Exercise: Transcribe the data below exactly, but only from the line containing "Whataroa, New Zealand, December" through its final line, both included.

Records supplied:

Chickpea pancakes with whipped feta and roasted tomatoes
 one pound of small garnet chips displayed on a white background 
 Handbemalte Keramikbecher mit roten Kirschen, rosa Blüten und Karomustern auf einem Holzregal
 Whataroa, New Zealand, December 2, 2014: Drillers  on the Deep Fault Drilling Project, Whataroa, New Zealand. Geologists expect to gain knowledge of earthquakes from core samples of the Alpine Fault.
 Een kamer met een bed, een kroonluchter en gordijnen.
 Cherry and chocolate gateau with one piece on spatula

Worked solution:
 Whataroa, New Zealand, December 2, 2014: Drillers  on the Deep Fault Drilling Project, Whataroa, New Zealand. Geologists expect to gain knowledge of earthquakes from core samples of the Alpine Fault.
 Een kamer met een bed, een kroonluchter en gordijnen.
 Cherry and chocolate gateau with one piece on spatula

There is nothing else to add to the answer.